● What is expected:
Transcribe the data exactly, omitting whatever pictures it holds.

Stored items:
▼

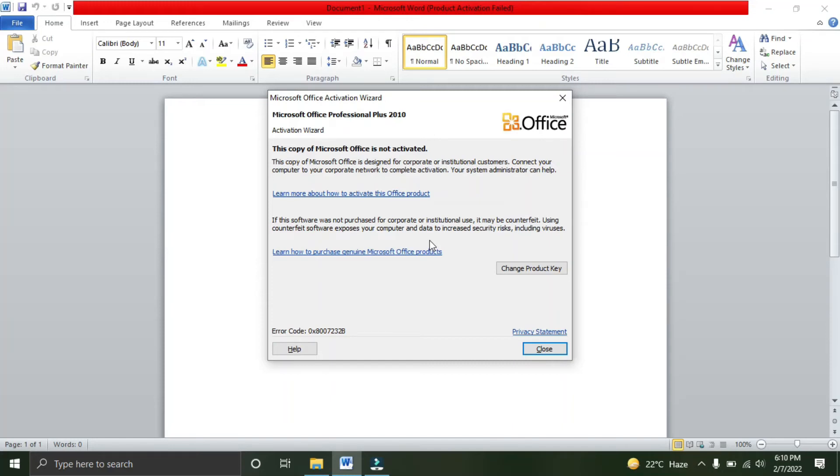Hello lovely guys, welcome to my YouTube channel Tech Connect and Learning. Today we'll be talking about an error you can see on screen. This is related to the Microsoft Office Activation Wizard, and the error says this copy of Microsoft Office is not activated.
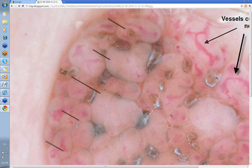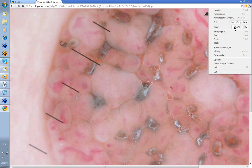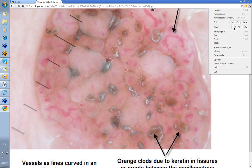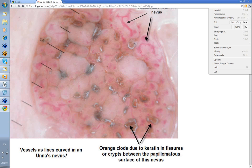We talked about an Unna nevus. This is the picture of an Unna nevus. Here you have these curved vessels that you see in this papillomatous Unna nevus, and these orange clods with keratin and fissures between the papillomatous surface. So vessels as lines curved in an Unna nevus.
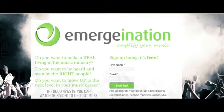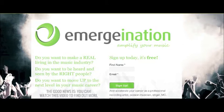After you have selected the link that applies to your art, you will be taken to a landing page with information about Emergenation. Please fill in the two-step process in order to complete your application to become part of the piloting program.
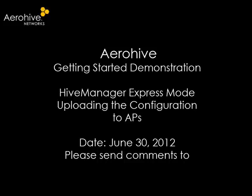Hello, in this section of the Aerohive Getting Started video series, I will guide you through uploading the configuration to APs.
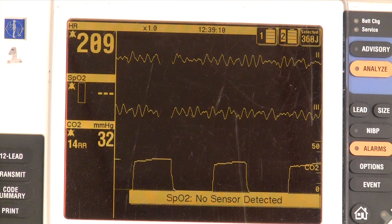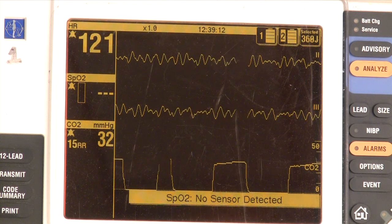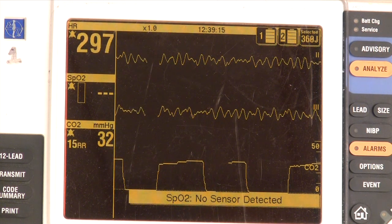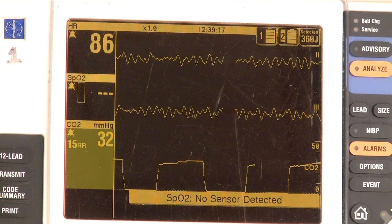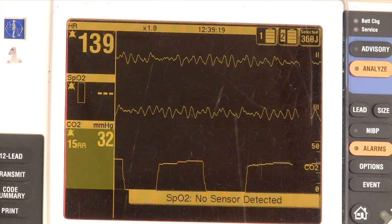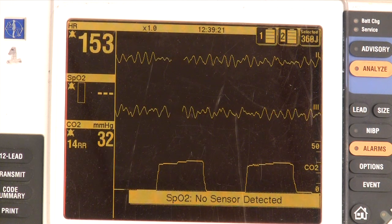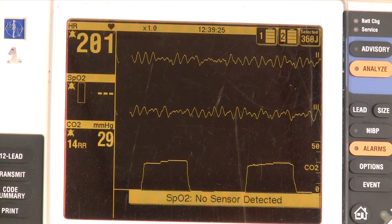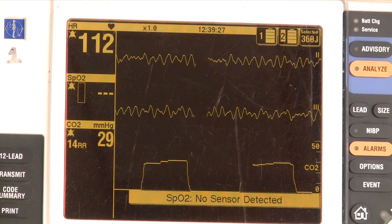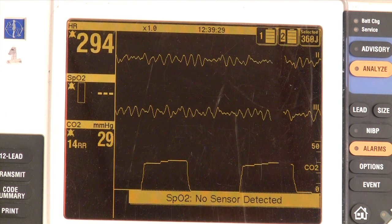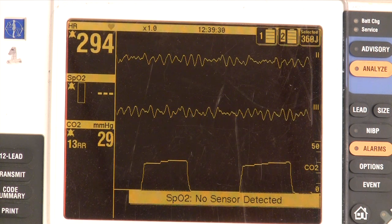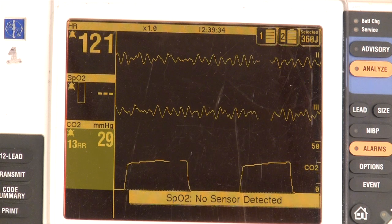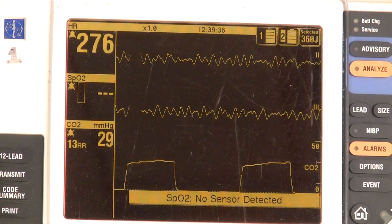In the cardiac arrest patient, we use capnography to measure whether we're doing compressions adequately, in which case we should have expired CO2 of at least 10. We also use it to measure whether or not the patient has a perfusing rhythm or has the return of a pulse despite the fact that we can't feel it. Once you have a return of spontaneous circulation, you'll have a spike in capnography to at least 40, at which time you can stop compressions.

▲

● Output for this exercise:
Hello lovely guys, welcome to my YouTube channel Tech Connect and Learning. Today we'll be talking about an error you can see on screen. This is related to the Microsoft Office Activation Wizard, and the error says this copy of Microsoft Office is not activated.
We talked about an Unna nevus. This is the picture of an Unna nevus. Here you have these curved vessels that you see in this papillomatous Unna nevus, and these orange clods with keratin and fissures between the papillomatous surface. So vessels as lines curved in an Unna nevus.
After you have selected the link that applies to your art, you will be taken to a landing page with information about Emergenation. Please fill in the two-step process in order to complete your application to become part of the piloting program.
Hello, in this section of the Aerohive Getting Started video series, I will guide you through uploading the configuration to APs.
In the cardiac arrest patient, we use capnography to measure whether we're doing compressions adequately, in which case we should have expired CO2 of at least 10. We also use it to measure whether or not the patient has a perfusing rhythm or has the return of a pulse despite the fact that we can't feel it. Once you have a return of spontaneous circulation, you'll have a spike in capnography to at least 40, at which time you can stop compressions.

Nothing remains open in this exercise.